The counit and the adjunction

The counit ε_𝑴 : F (U 𝑴) ⟶ 𝑴 is the extension of the identity: it evaluates the free expansion of 𝑴's underlying semigroup back into 𝑴, collapsing the fresh unit onto 𝑴's own ε.

counit-hom : (𝑴 : Monoid α ρ)  hom (AdjoinUnit.𝑨¹ (monoid→semigroup 𝑴)) (proj₁ 𝑴)
counit-hom 𝑴 = extend (monoid→semigroup 𝑴) 𝑴 𝒾𝒹

Naturality of the counit and the first triangle identity, pointwise on the Maybe carrier. On just everything is definitional; on nothing the counit square is unit-preservation of the monoid homomorphism, and the zig triangle is the definitional fact that the counit sends the fresh unit of F (U (F 𝑺)) to the fresh unit of F 𝑺.

module _ (𝑴 𝑵 : Monoid α ρ) (g : hom (proj₁ 𝑴) (proj₁ 𝑵)) where
  open AdjoinUnit (monoid→semigroup 𝑴) using ()
  open Setoid 𝔻[ proj₁ 𝑵 ] using () renaming ( _≈_ to _≈ⁿ_ ; refl to ≈ⁿ-refl ; sym to ≈ⁿ-sym )

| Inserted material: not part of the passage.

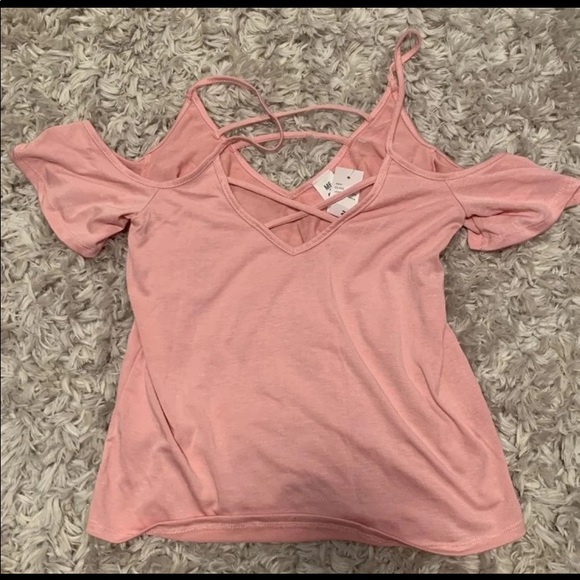 Me to We top - Picture 1 of 2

  counit-natural¹ : (t : )
     proj₁ (counit-hom 𝑵) ⟨$⟩ (map¹ (monoid→semigroup 𝑴) (monoid→semigroup 𝑵) (proj₁ g) ⟨$⟩ t)
      ≈ⁿ proj₁ g ⟨$⟩ (proj₁ (counit-hom 𝑴) ⟨$⟩ t)
  counit-natural¹ (just _) = ≈ⁿ-refl
  counit-natural¹ nothing  = ≈ⁿ-sym (hom-preserves-ε g)

module _ (𝑺 : Semigroup α ρ) where
  open AdjoinUnit 𝑺 using (; _≈¹_)
  open Setoid 𝔻[ proj₁ 𝑺 ] using () renaming ( refl to ≈ˢ-refl )
  -- Local abbreviation only; the canonical name for the free expansion stays
  -- adjoinUnit (no public synonyms).
  private
    F𝑺 : Monoid α ρ
    F𝑺 = adjoinUnit 𝑺

  zig¹ : (t : )
     proj₁ (counit-hom F𝑺) ⟨$⟩ (map¹ 𝑺 (monoid→semigroup F𝑺) (unit-map 𝑺) ⟨$⟩ t) ≈¹ t
  zig¹ (just _) = ≈ˢ-refl
  zig¹ nothing  = tt

The adjunction. The remaining fields are definitional: naturality of the unit (both sides send x to just (f x)) and the zag triangle (the counit collapses just x to x on the nose).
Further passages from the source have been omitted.